= WORK ORDER =
Before returning the data, strip out the pictures and keep everything else exactly the same.

◇ ◇ ◇ ◇ ◇ ◇ ◇

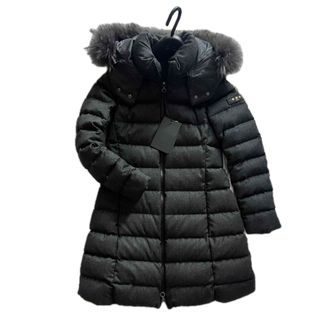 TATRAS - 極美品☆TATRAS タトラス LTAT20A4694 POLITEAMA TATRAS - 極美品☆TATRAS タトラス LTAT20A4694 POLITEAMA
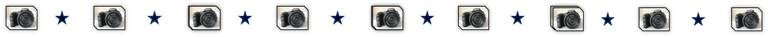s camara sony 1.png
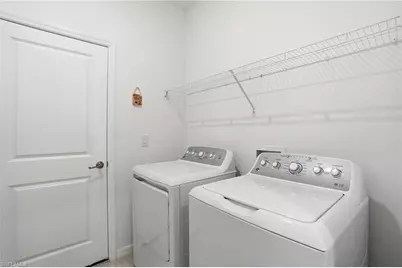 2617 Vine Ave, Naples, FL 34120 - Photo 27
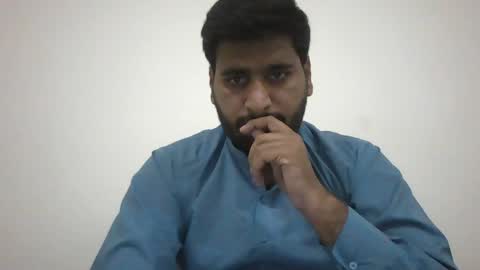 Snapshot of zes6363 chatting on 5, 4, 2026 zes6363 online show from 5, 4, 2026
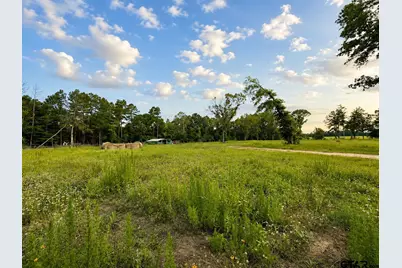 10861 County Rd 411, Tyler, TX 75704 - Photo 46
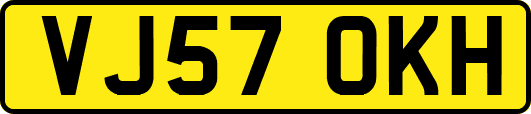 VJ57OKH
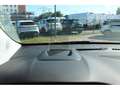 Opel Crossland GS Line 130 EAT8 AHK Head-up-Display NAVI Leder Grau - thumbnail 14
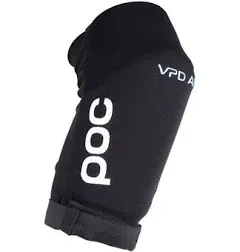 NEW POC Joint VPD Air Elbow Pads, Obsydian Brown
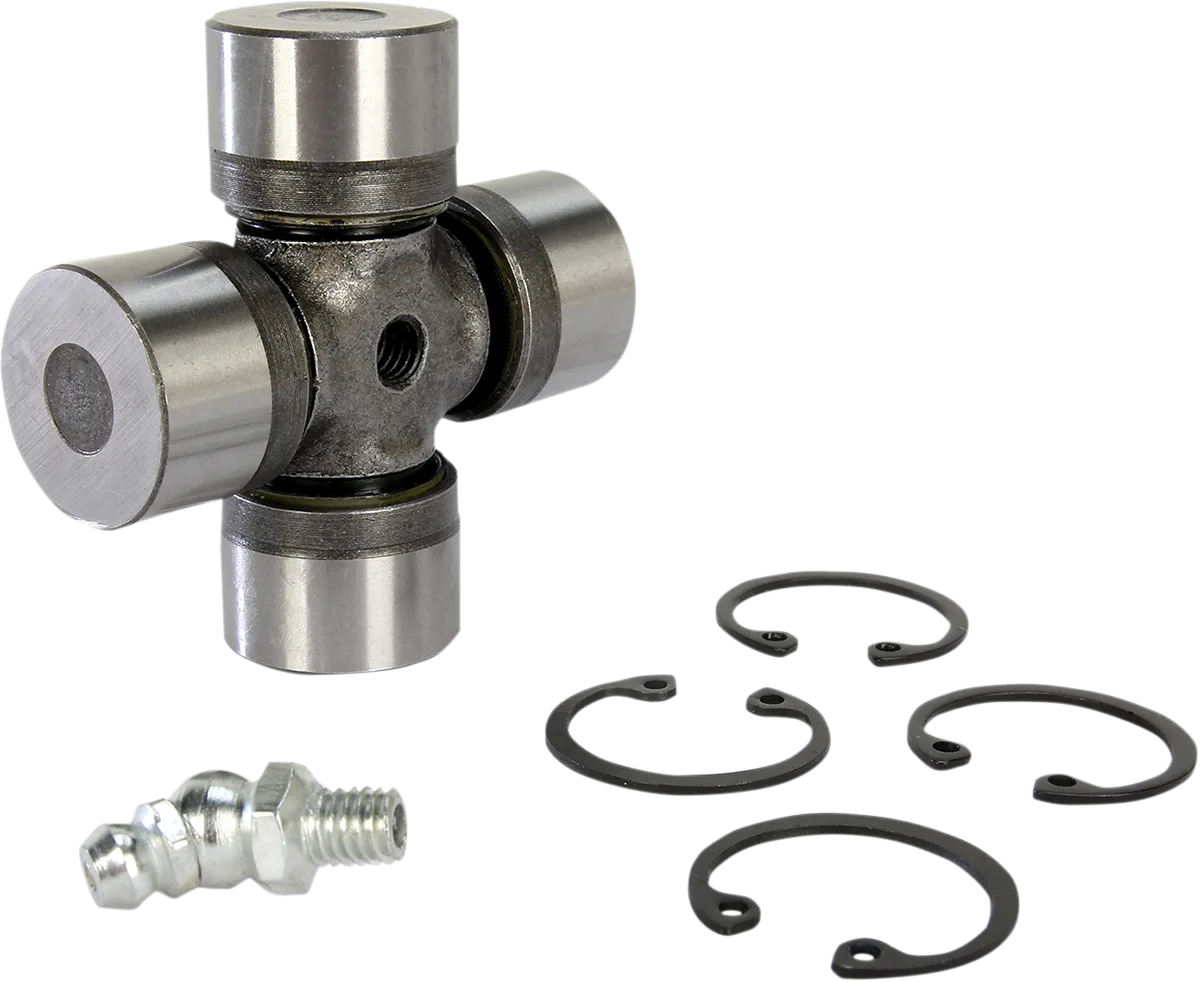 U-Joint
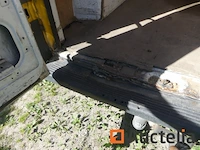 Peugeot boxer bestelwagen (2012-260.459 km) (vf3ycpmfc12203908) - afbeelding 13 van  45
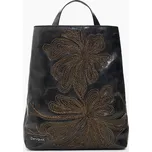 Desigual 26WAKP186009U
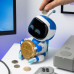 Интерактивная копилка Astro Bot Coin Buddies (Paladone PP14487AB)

◇ ◇ ◇ ◇ ◇ ◇ ◇

= SOLUTION TO THE EXERCISE =
 TATRAS - 極美品☆TATRAS タトラス LTAT20A4694 POLITEAMA TATRAS - 極美品☆TATRAS タトラス LTAT20A4694 POLITEAMA
s camara sony 1.png
 2617 Vine Ave, Naples, FL 34120 - Photo 27
 Snapshot of zes6363 chatting on 5, 4, 2026 zes6363 online show from 5, 4, 2026
 10861 County Rd 411, Tyler, TX 75704 - Photo 46
 VJ57OKH
 Opel Crossland GS Line 130 EAT8 AHK Head-up-Display NAVI Leder Grau - thumbnail 14
 NEW POC Joint VPD Air Elbow Pads, Obsydian Brown
 U-Joint
 Peugeot boxer bestelwagen (2012-260.459 km) (vf3ycpmfc12203908) - afbeelding 13 van  45
 Desigual 26WAKP186009U
 Интерактивная копилка Astro Bot Coin Buddies (Paladone PP14487AB)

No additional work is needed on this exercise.